SIMALUNGUN-Dewan Pimpinan Pusat (DPP) Partuha Maujana Simalungun dan DPC Himpunan Mahasiswa dan Pemuda Simalungun (Himapsi) kembali menegaskan Simalungun tidak mengenal tanah adat dan tanah di Bumi Habonaron Do Bona Simalungun secara kultur dan peradaban suku Simalungun merupakan tanah milik 7 Kerajaan.
Penegasan tidak ada tanah adat di Simalungun disampaikan oleh Ketua Umum DPP Pemangku Adat dan Cendekiawan Simalungun dr. Sarmedi Purba didampingi Minten Saragih, Drs Lisman Saragih, Japaten Purba, Rohdian Purba dan Juliaman Saragih dalam konferensi pers di room Simalungun Siantar Hotel Kota Pematangsiantar, Rabu (28/08/2024).
Dr.Sarmedi Purba menerangkan, terkait dengan adanya klaim berbagai pihak yang mengatasnamakan masyarakat adat dan tanah adat dalam wilayah Simalungun, maka kami atas nama Dewan Pimpinan Pusat (DPP) Partuha Maujana Simalungun dengan ini memberikan klarifikasi dan konfirmasi sebagai berikut, bahwa kasus pertanahan yang terjadi di wilayah administratif Simalungun adalah murni kasus tindak pidana dan tidak ada kaitannya dengan pengakuan sekelompok orang atas nama masyarakat adat atau pun tanah adat.
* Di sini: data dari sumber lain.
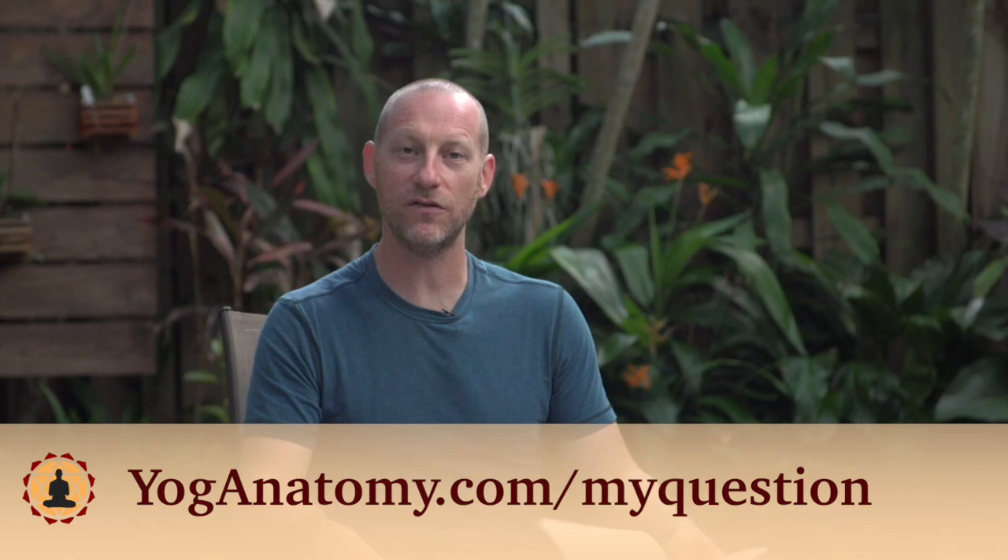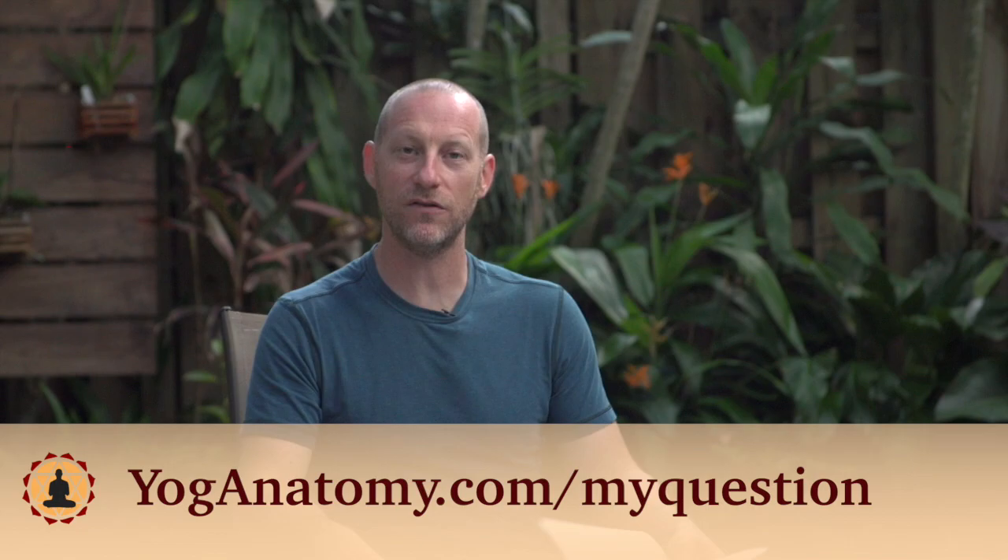I hope that answered the question for you. If you've got a question, go ahead and submit it at yoganatomy.com/my-question.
Kemudian, kata Sarmedi Purba, masyarakat di kerajaan-kerajaan Simalungun tidak mengenal masyarakat adat karena penduduknya terdiri dari kelompok bangsawan yang disebut Partuanon, dan masyarakat petani (paruma).Sebelumnya ada kelompok budak (jabolon) namun dihapus pemerintah kolonial Belanda pada awal penjajahan di awal abad ke-20.
Selanjutnya kami ingin konfirmasi bahwa penduduk asli Simalungun terdiri dari 4 kelompok marga, yaitu, Sinaga, Saragih, Damanik, dan Purba (disingkat SISADAPUR).
Selain itu, sejak Kerajaan Simalungun pertama, Kerajaan Nagur, yang sudah eksis sejak abad ke-8, tanah - tanah di daerah Kabupaten Simalungun adalah tanah milik kerajaan, yang kemudian terbagi menjadi 4 kerajaan (Raja Maroppat), yaitu Kerajaan tanah Jawa, Dolog Silou, Panei dan Siantar. setelah menjadi daerah jajahan Belanda pada wal abad ke-20 menjadi 7 Kerajaan, ditambah , 3 Kerajaan yakni Raya, Purba dan Silimakuta .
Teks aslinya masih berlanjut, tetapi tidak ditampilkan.